• _SOURCE MATERIAL_
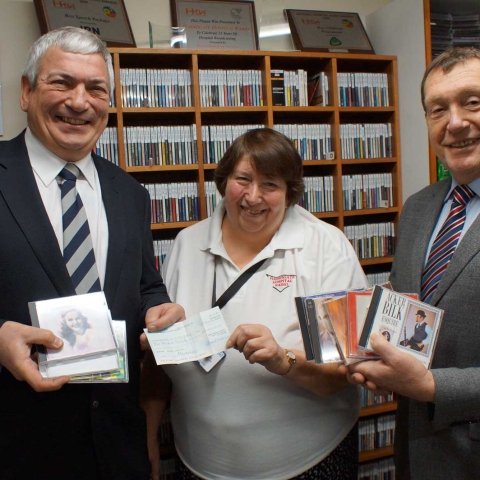 Rack & Roll! Freemasons John Birkenshaw (left) and Mike Baxter from Harrogate and Claro Lodge, present Harrogate Hospital Radio fund-raising officer Ellie Jackson with a £500 cheque for new CD storage units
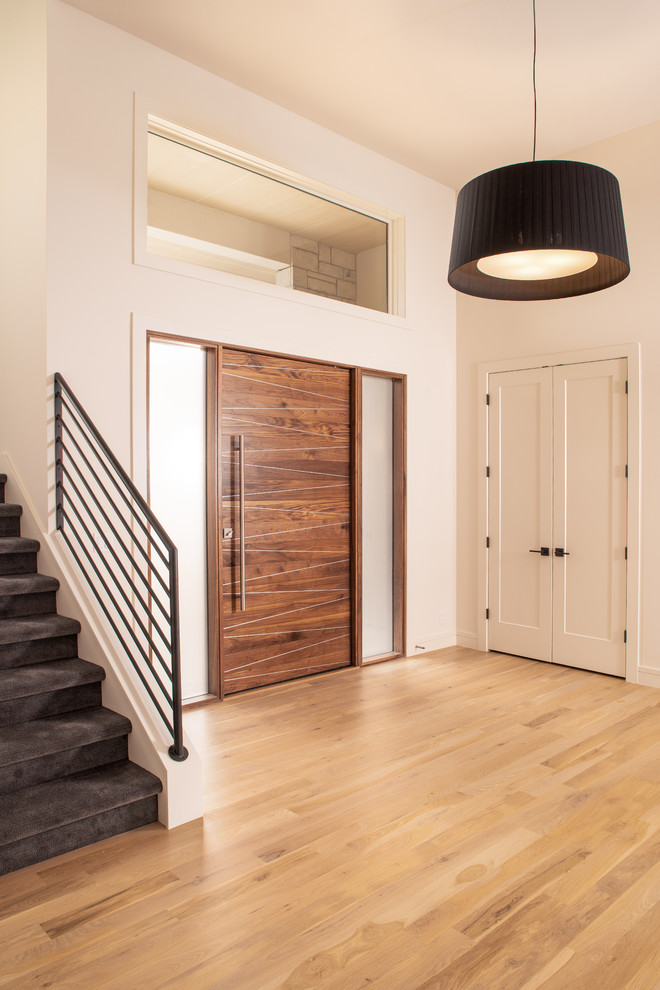 Ispirazione per un grande ingresso moderno con pareti bianche, parquet chiaro, una porta singola, una porta in legno bruno e pavimento beige
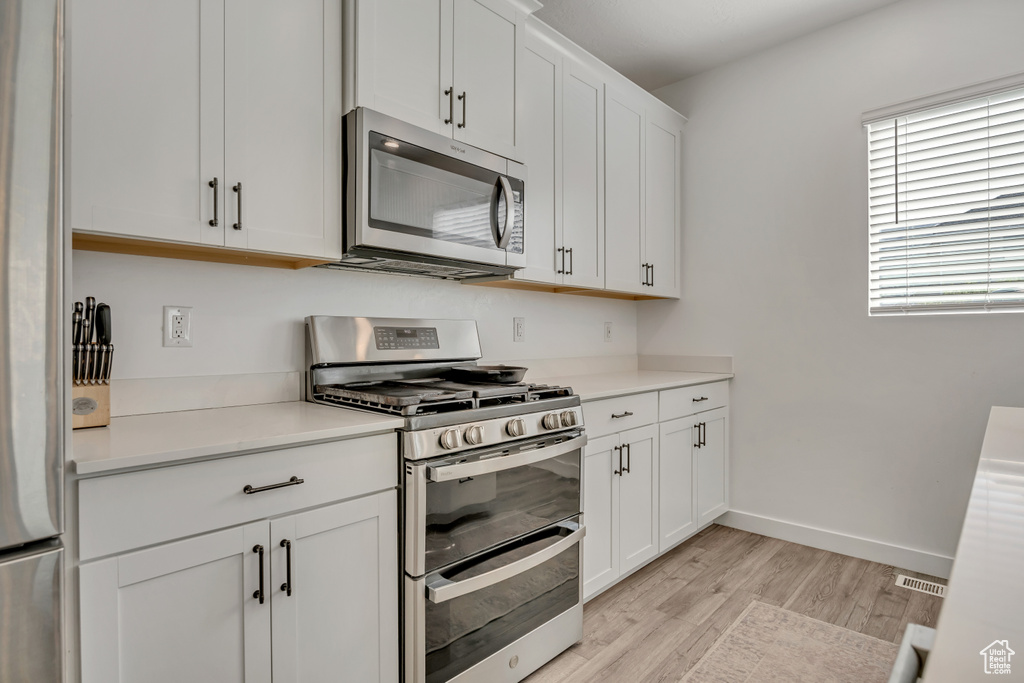 Kitchen featuring appliances with stainless steel finishes, light wood-type flooring, light countertops, white cabinetry, and baseboards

• _TASK DETAILS_
Repeat the lines above precisely and skip every picture.

• _WRITTEN SOLUTION_
 Rack & Roll! Freemasons John Birkenshaw (left) and Mike Baxter from Harrogate and Claro Lodge, present Harrogate Hospital Radio fund-raising officer Ellie Jackson with a £500 cheque for new CD storage units
 Ispirazione per un grande ingresso moderno con pareti bianche, parquet chiaro, una porta singola, una porta in legno bruno e pavimento beige
 Kitchen featuring appliances with stainless steel finishes, light wood-type flooring, light countertops, white cabinetry, and baseboards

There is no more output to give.